REQUIRED WORK:
Lower down are entries containing pictures. Copy exactly, without those pictures, the lines from the line with "[Australia] - Her" through the line with "Sodalite Hippo Earrings".

DATA FOR THIS EXERCISE:
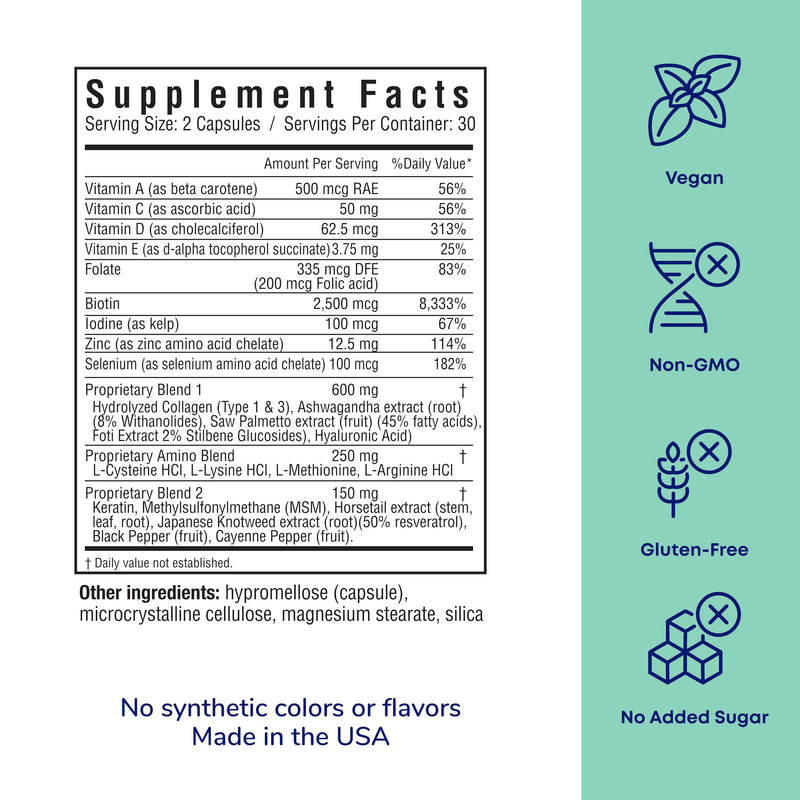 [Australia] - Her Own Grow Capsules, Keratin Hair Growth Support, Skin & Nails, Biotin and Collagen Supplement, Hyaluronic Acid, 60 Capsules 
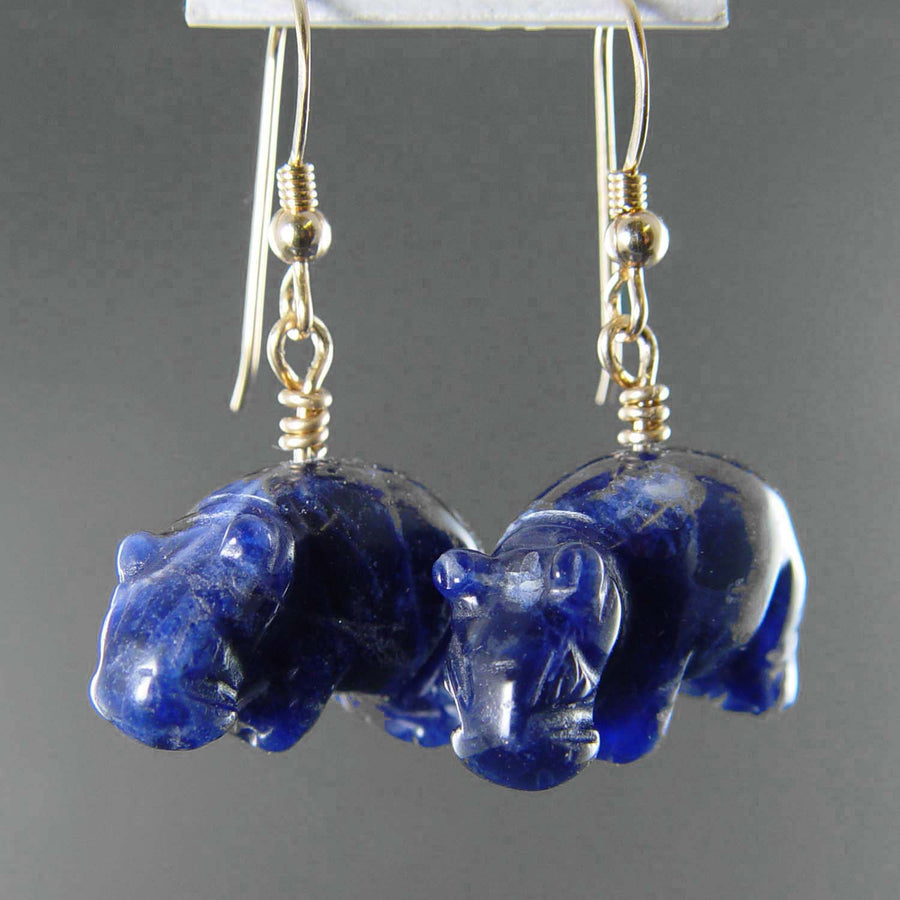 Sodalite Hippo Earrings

==

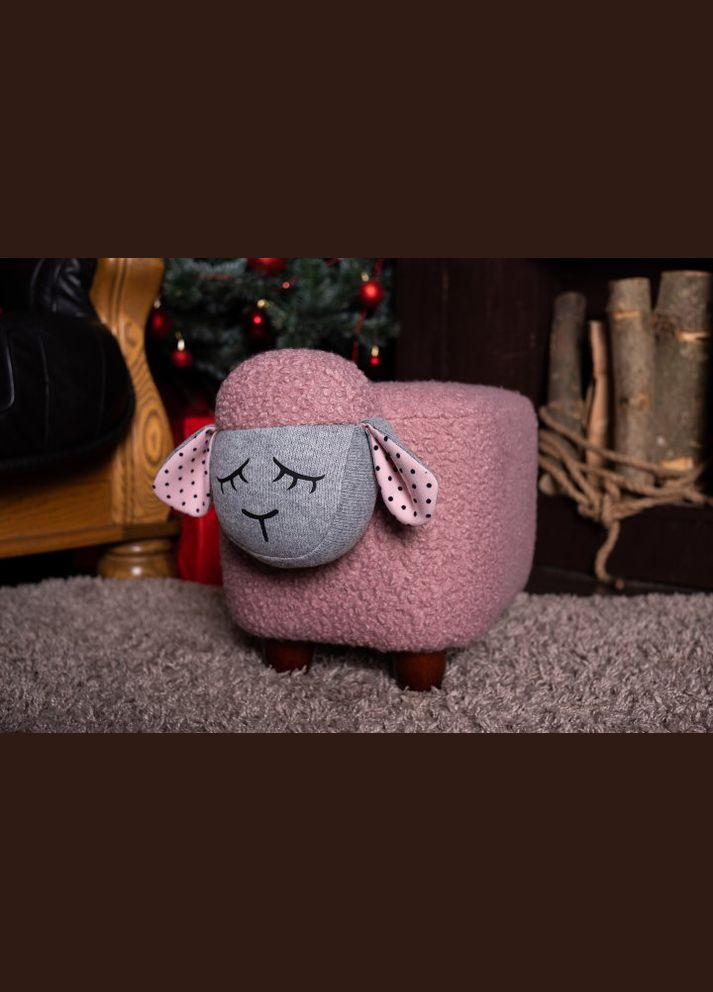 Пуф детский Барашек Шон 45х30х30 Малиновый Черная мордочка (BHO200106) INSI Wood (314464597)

RESPONSE:
 [Australia] - Her Own Grow Capsules, Keratin Hair Growth Support, Skin & Nails, Biotin and Collagen Supplement, Hyaluronic Acid, 60 Capsules 
 Sodalite Hippo Earrings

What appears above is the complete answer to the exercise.